STUDY MATERIAL.
○ ○ ○ ○ ○ ○ ○

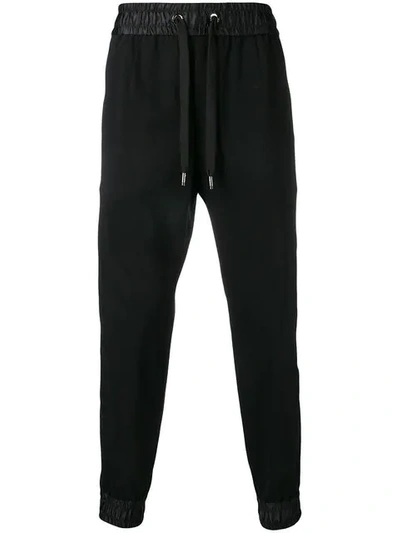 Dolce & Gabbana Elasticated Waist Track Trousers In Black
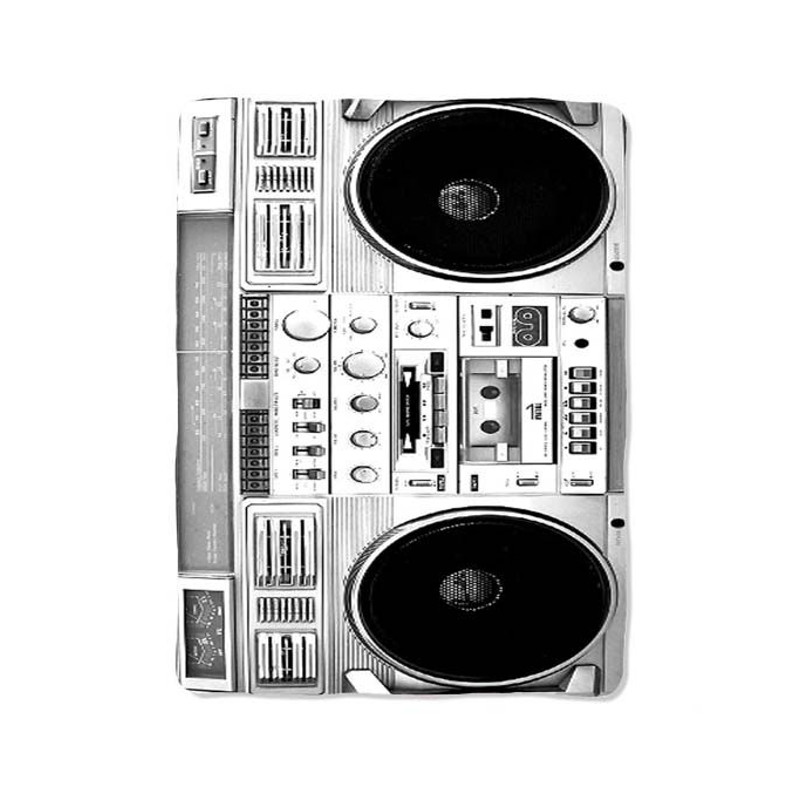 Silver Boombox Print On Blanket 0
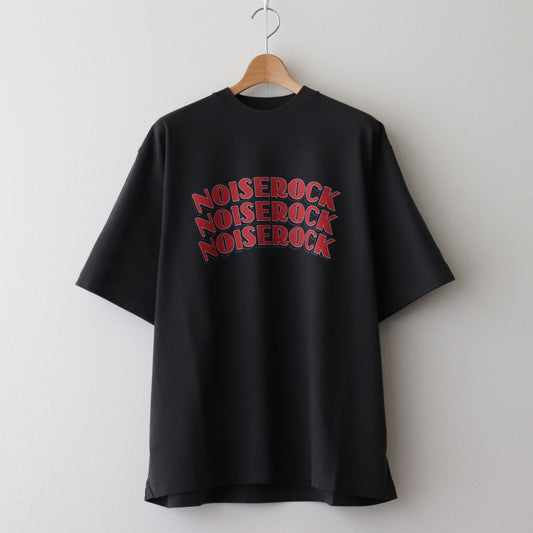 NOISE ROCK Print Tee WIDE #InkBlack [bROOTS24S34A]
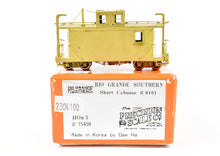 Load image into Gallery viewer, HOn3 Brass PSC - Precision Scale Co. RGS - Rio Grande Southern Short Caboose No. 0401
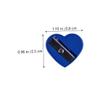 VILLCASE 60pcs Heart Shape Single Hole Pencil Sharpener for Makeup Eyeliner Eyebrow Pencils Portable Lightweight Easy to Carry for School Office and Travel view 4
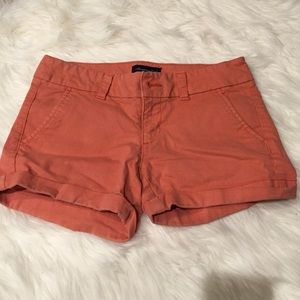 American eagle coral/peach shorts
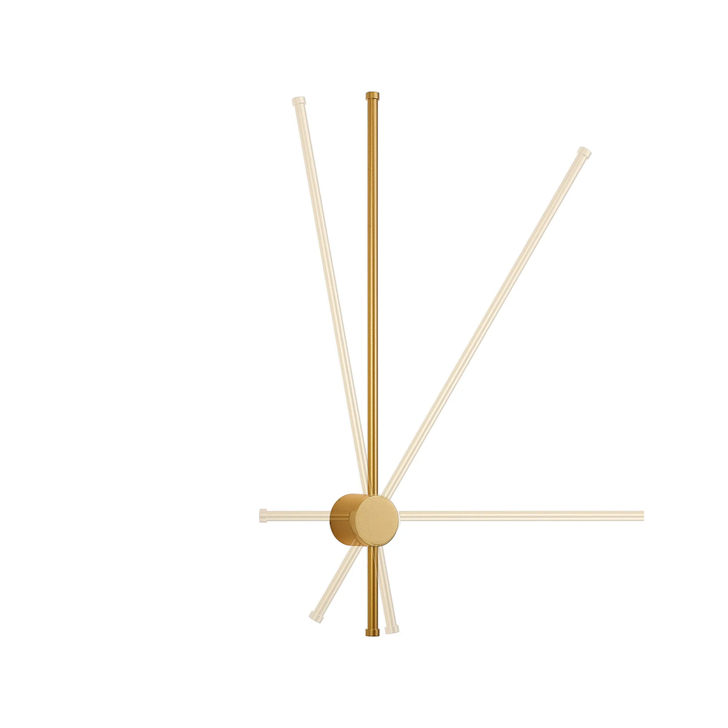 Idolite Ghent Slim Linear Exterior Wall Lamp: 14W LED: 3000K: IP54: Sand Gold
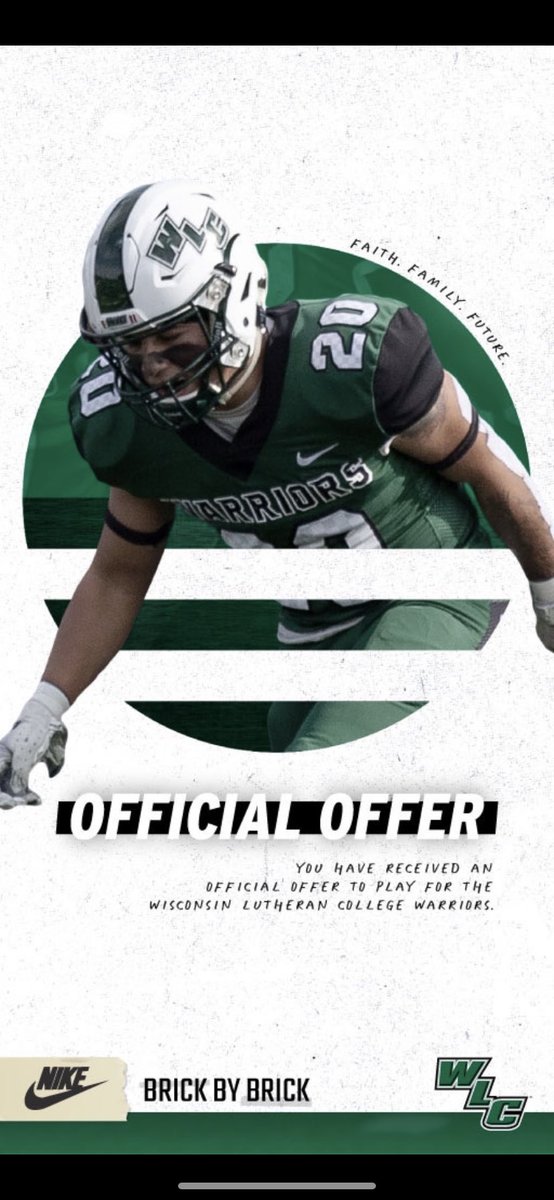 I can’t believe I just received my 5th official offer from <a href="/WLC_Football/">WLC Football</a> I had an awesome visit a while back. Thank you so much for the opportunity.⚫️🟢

○ ○ ○ ○ ○ ○ ○

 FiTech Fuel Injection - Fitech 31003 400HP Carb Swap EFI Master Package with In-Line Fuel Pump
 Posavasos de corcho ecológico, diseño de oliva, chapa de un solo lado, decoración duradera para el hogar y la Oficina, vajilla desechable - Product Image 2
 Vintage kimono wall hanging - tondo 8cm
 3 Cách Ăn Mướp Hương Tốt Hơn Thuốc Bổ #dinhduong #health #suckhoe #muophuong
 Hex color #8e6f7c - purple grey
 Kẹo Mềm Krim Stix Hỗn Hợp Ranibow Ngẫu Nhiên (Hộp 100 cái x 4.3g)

○ ○ ○ ○ ○ ○ ○

YOUR ASSIGNMENT.
The answer is the lines of the material above, from the one containing "Load image into" down to the one containing "I can’t believe", given exactly and without images.

EXERCISE RESULT.
 Load image into Gallery viewer, HOn3 Brass PSC - Precision Scale Co. RGS - Rio Grande Southern Short Caboose No. 0401
 VILLCASE 60pcs Heart Shape Single Hole Pencil Sharpener for Makeup Eyeliner Eyebrow Pencils Portable Lightweight Easy to Carry for School Office and Travel view 4
 American eagle coral/peach shorts
 Idolite Ghent Slim Linear Exterior Wall Lamp: 14W LED: 3000K: IP54: Sand Gold
 I can’t believe I just received my 5th official offer from <a href="/WLC_Football/">WLC Football</a> I had an awesome visit a while back. Thank you so much for the opportunity.⚫️🟢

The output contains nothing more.